%%
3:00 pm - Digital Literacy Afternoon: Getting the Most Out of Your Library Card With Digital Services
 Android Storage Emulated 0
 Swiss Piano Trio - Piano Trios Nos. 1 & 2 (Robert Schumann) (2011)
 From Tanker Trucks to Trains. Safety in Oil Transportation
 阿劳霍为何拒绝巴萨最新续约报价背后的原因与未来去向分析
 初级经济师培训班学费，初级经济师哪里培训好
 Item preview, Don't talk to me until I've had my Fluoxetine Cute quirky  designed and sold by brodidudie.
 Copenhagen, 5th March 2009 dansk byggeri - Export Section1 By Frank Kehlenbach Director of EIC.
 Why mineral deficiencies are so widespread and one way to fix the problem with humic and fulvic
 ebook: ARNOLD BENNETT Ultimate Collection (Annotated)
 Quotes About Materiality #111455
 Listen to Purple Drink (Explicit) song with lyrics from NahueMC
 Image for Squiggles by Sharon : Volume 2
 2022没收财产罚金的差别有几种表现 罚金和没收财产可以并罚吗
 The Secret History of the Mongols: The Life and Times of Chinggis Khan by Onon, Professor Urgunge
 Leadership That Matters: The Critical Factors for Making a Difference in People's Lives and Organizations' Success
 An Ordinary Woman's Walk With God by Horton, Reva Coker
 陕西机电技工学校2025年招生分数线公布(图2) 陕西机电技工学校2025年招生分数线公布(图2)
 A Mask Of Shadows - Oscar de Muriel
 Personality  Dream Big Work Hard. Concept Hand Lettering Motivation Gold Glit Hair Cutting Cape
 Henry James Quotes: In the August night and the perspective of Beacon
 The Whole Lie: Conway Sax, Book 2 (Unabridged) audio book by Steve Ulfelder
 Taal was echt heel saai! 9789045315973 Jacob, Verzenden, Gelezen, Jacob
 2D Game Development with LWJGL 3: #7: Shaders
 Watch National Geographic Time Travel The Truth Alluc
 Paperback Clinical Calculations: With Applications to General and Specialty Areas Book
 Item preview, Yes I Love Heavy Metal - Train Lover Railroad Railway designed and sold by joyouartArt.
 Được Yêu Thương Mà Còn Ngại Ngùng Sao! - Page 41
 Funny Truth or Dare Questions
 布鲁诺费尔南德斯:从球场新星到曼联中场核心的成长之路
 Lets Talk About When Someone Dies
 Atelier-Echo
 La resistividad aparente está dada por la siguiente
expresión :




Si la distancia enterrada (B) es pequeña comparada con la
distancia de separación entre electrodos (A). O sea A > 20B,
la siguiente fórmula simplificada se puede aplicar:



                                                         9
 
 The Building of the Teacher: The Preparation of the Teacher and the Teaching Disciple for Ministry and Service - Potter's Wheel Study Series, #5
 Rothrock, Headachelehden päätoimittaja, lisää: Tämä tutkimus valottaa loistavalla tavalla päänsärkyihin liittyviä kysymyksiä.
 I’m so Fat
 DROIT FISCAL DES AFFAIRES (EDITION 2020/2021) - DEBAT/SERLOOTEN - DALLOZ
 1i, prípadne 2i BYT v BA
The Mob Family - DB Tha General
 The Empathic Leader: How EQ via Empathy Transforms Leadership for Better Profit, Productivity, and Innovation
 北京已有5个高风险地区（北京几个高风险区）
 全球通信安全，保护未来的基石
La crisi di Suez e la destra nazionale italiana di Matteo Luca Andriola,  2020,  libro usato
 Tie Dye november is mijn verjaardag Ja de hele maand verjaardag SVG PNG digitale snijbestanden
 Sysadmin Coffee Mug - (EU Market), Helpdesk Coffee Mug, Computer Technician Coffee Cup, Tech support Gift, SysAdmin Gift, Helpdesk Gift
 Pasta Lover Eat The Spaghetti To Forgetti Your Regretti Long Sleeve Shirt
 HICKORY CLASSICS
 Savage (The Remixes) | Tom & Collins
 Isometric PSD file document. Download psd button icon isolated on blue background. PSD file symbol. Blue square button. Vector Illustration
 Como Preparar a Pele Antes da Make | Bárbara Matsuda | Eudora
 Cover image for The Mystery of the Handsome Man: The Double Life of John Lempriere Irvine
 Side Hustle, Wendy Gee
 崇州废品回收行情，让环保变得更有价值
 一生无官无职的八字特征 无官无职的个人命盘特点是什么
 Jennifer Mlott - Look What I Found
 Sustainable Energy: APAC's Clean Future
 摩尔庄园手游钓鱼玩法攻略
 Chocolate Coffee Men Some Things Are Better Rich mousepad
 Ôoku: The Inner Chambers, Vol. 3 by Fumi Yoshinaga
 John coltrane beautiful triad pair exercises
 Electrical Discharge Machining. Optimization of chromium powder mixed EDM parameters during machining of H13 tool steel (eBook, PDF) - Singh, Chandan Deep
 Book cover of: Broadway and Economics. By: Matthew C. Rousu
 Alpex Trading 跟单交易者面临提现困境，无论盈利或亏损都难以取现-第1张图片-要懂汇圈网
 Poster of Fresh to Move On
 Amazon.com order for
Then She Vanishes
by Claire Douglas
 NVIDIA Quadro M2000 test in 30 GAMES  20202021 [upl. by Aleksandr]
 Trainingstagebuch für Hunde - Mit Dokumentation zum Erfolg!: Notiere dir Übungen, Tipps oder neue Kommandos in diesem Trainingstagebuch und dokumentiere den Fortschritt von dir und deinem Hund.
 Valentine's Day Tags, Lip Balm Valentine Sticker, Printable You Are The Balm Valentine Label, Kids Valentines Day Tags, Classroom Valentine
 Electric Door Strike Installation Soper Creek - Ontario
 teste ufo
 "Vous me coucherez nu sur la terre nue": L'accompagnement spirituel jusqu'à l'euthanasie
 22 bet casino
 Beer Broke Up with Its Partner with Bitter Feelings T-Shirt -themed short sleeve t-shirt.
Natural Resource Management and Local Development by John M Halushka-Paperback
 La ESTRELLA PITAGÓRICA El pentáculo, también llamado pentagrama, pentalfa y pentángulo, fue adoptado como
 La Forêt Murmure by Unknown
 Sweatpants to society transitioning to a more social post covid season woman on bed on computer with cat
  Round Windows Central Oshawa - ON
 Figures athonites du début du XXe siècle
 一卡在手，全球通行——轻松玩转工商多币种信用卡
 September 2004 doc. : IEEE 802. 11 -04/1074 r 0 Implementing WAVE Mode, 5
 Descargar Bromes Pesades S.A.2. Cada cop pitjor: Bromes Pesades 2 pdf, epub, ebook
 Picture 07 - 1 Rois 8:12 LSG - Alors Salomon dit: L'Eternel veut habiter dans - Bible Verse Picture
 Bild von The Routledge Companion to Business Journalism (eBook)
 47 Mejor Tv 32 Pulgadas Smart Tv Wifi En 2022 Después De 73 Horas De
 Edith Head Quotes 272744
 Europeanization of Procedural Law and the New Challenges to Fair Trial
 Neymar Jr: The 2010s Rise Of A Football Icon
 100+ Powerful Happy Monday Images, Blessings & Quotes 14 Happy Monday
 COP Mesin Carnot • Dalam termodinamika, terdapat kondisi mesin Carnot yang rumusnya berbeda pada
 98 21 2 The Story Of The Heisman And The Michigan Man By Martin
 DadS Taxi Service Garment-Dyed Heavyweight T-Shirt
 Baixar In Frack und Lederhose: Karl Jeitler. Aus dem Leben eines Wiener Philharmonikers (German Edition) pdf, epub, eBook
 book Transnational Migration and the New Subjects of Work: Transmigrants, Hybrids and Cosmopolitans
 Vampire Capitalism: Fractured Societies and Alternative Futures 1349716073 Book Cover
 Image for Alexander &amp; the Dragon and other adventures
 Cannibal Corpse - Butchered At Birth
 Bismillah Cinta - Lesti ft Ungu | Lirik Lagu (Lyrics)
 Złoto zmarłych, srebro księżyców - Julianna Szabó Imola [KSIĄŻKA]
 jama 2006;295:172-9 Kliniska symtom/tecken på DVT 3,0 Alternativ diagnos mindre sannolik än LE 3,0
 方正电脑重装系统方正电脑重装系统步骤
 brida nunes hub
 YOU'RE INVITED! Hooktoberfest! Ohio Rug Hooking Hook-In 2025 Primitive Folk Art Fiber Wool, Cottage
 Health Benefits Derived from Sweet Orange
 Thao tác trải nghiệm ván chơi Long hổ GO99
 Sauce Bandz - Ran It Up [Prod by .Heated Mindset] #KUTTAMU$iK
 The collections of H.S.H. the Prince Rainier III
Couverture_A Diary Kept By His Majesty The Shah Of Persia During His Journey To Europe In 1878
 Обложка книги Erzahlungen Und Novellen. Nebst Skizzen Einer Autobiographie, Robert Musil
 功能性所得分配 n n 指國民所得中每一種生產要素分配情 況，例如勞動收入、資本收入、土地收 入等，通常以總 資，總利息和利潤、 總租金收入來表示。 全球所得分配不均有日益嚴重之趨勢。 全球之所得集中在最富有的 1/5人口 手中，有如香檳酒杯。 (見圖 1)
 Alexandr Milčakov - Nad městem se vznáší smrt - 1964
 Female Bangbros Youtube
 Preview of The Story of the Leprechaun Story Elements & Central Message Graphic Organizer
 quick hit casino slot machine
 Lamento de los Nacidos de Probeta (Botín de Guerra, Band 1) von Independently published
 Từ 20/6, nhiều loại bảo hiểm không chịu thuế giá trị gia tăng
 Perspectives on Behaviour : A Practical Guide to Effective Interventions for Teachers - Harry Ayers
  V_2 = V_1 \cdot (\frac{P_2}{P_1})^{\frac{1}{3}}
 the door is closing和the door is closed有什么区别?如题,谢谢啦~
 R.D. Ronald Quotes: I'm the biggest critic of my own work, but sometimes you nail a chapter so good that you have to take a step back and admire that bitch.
%%
◆ Exercise
Your output must be one number: how many lines of the listing include "About".

◆ Solved problem
2